Crisp corn, zucchini, cherry tomatoes, bell pepper, and diced red onion tossed together in a sweet sauce of honey and olive oil. This summer vegetable salad is a healthier side dish for all those summer bbq’s.
We had a family picnic/BBQ on the 4th of July. My FAVORITE part about these things, or any gathering for that matter, are all the dishes that people bring. I always love trying different versions of potato salad, pasta salad, and all the fun desserts. The part I love even more than that is planning what dish(es) I am going to bring to these gatherings. I saw this recipe over at The Seasoned Mom and knew I had to make it.
Once my kids are in bed I love to browse on Pinterest (follow us!) and make a list of all the things I want to make. I’m all about trying to new recipes and finding new favorites.
This, my friends, shot right up to the top of my “most favorites list.” Aside from spending a few minutes chopping up some veggies, it literally takes minutes to throw together this salad and then top it with a olive oil/honey sauce. And, I have to admit that I am a big fan of pretty food. This salad is a pretty one with all those fresh colors!
This salad was gone after the BBQ. Which kind of made me sad because I wanted leftovers of it so bad. But, to me, nothing makes me happier than making food that people love. So I was ok with an empty bowl 🙂
Use up your fresh garden vegetables and make this salad. If you don’t have a garden just go buy some or sneak some from your neighbor …… It’s been awhile since we’ve had a successful garden so I know fairly well about buying those summertime garden veggies at the store. This year our garden is doing better so I was able to use a zucchini from it to make this.
Crisp corn, zucchini, cherry tomatoes, bell pepper, and diced red onion tossed together in a sweet sauce of honey and olive oil.
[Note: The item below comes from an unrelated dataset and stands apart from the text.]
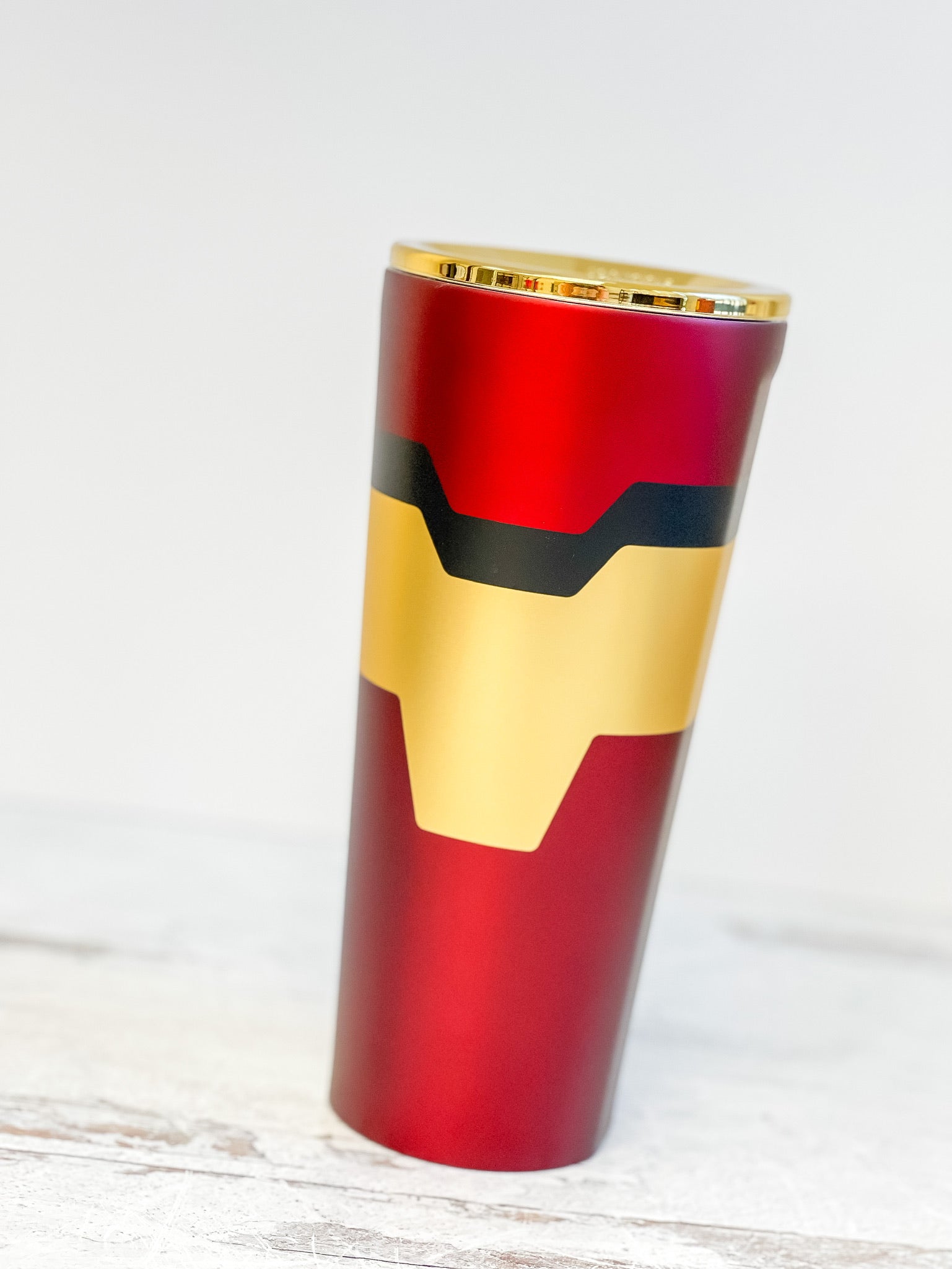 24 oz Stainless Steel Marvel Iron Man Tumbler by Corkcicle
This summer vegetable salad is a healthier side dish for all those summer bbq's.
- 1 pint cherry or grape tomatoes, cut in half
- 1 bag (16 oz) frozen corn, thawed
- 1/4 cup red onion, finely chopped
- 1 orange bell pepper, chopped small
- 1 large zucchini, chopped
- 2 tablespoons olive oil
- 2 tablespoons honey
- 1 tablespoon white wine vinegar (or white vinegar)
- 1 teaspoon kosher salt
- Combine all chopped vegetables into a large bowl.
- Combine dressing ingredients in a small mixing bowl and whisk together well. Pour over the vegetables and stir to combine.
- Can be eaten right away or put in the fridge for 2-3 hours before serving. I prefer to refrigerate it before serving.
You will want to serve this with a slotted spoon, to drain the excess dressing.